With Ningi, Ridlington explained that it has focused on the smaller ambition of advisers that have control over decisions and sit in front of clients.

“It will ease and cut out some of the projects and bureaucracy and those elements from the biggest bends and that was the real motivation to finally do something I know people want,” he said. 

Ridlington explained that when he first started the business, the plan was really to work with firms of less than 20 advisers, purely as they are the ones underserved by tech providers at the moment.

However, he said the firm already has clients such as Mazars, who are large international firms, and it has quite a few of those as well.

“[There’s] not really a maximum or minimum size of the firm, it's more about the appetite of the firms who really move quickly and make decisions where there are avoidable costs. 

At the moment, our approach is really to limit new clients onto the platform... We're cherry picking our favourite advisers. Peter Ridlington

“There's situations where there could be 12 months with 20 people in a room, arguing over what the thing needs to do.

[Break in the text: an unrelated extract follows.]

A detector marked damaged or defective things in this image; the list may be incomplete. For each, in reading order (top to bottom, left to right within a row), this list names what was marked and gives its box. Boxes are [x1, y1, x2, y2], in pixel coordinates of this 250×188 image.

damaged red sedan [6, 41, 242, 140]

“If we sense from a firm that they know what they need, and they're willing to make decisions and move quickly, that's the dimension we make decisions against.”

The tool

The tool performs a comprehensive fact find, after which it determines financial risks, creates a range of priorities and a personalised report before giving users the chance to chat to a professional 

The financial health check is a tool that advisers can launch through Ningi and allows advisers to start engaging with any consumer, whether that is someone who is wondering whether they should pay down debt or invest £100 spare cash.

“At the moment, it's acting as effectively a triage where if the clients that go through or the prospects have sufficiently complicated and valuable problems, it will triage them into a conversation with advisers. Where it doesn't, it signposts them towards the free solutions that are out there and relevant guidance. 

“It's our foot in the door to that holistic financial planning tool powered by advisers and over the next six to 12 months, we'll be adding more features in there that basically solve problems for people.”

He explained that the tool is the “backbone of financial advice” where people walk through simple questions and it helps them decide should they be paying down debt, taking out protection, investing or picking up with an adviser to focus on retirement plans.

“It's that type of priority setting,” he said. 

The money

Ridlington said the firm is “aggressively cost effective” from everything about Ningi and the technology to where it capitalised as a business. 

“It’s about really being dramatically cheaper than a comparable position,” he said. “Our entire platform is kind of all you can eat effectively so you pay per client, rather than per service delivered. 

“Advisers effectively can deliver the financial health check and only pay once they take on a new client so the vast majority of people going through this aren't going to be a cost to the adviser and it's only when they take up investment advice or whatever it might be.”

Once an adviser does take on the client, Ningi charges £1 per client, per month.

Ridlington said from a tech perspective and from a funding and capitalisation perspective, the firm is already set up to be on that “high growth, startup journey”.

“At the moment, our approach is really to limit new clients onto the platform,” he said. “We're cherry picking our favourite advisers. 

“It sounds really mean but we're launching with early adopters and once or twice a month, we're bringing in a new firm.” 

He explained that a lot of those firms, such as New World, are launching new propositions and helping to shape the products.

“Next year, you'll see a lot of new launches from us around an investment solution or advances on the health check,  automated mortgages, that align with those firms. 

“Meanwhile, we're building the holistic wrapper around that and eventually, we will launch software as a service hands off style where you go to our website, put in your credit card and buy the software which will be maybe next year. 

“That's the ultimate plan but right now we're focused on real deep strategic partnership with firms where we embed ourselves effectively as the tech team and work on shaping their proposition, even helping them with marketing.”